Once all has horribly failed – as dinner parties inevitably do – head outside for a post-prandial cigarette… presumably your first since trying to quit.
Hank finds Karen outside, indulging from one of his pack of Morley cigarettes with his green Bic Classic lighter. “Morley” is a fictional brand that, with its red and white box, is naturally supposed to emulate Marlboro’s full flavor cigarettes without actually advertising the brand itself. While some stations, notably HBO, tend not to shy away from using real brands, Showtime and other cable stations are more careful, especially with tobacco.
The appearance of Morley on Californication is likely also an inside joke to refer to Duchovny’s previous show, The X-Files, where the shadowy Cigarette Smoking Man preferred Morleys, with Duchovny’s Fox Mulder even visiting the Morley Tobacco headquarters.
The Morley fictional brand has been around for more than 50 years, with its first known appearance on a second season episode of The Naked City. In “Tombstone for a Derelict”, which aired on April 5, 1961, Robert Redford played a vigilante murderer who tossed a pack of Morleys onto a corpse.
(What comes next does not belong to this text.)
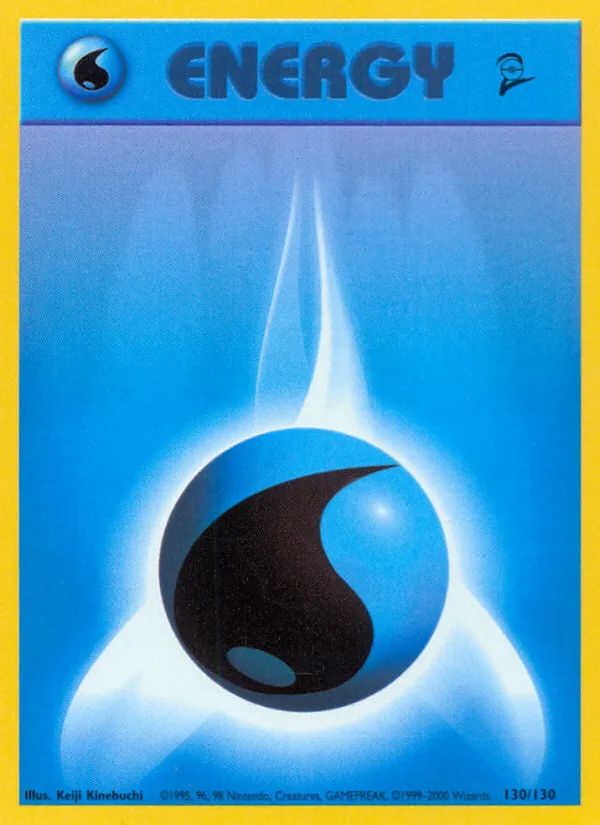 Water Energy card image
The pack had a different appearance then as Marlboro wasn’t nearly as ubiquitous or well-known as it is now, but it was the first appearance of “brand” in a work of fiction. Morley cigarettes gained even more exposure two years later in the legendary “Nightmare at 20,000 Feet” episode of The Twilight Zone that featured a Morley-smoking William Shatner facing off against a gremlin.
How to Get the Look
Hank interestingly wears the most color – a purple shirt – during the more depressing episodes of his life. He was wearing a purple shirt when he received the news that his father had died, and he picks out a purple shirt for the dinner party he is dreading. Hide your own anger with color!
- Eggplant purple button-down shirt with spread collar, black buttons down a placket-less front, and rolled-up long sleeves
- Dark blue bootcut denim jeans
- Light brown suede Timberland “Mt. Washington” Chelsea boots
- Black tube socks
- Silver ring with two ridged bands, worn on the right index finger
- Black leather bracelet with silver hexagonal and round studs, worn on the left wrist
- Thin black braided leather bracelet, also worn on the left wrist
Do Yourself a Favor and…
Buy the second season. The featured episode here, “The Raw and the Cooked”, is one of my favorites with memorable moments from both main and supporting characters. Callum Keith Rennie’s Lew Ashby is especially on point, and it’s fun watching Hank meet Becca’s new boyfriend Damien (Ezra Miller from The Perks of Being a Wallflower).
Hey, you know what? The fucking “artist within” left us a turd within our toilet. Can you believe that shit? Literally? It’s like he’s taking a dump on top of my head. I’m reading him loud and clear. I mean, it’s a thing between him and me, and I think it involves you… you’ve inflamed him in some way. Now it’s like Jaws 3. It’s personal.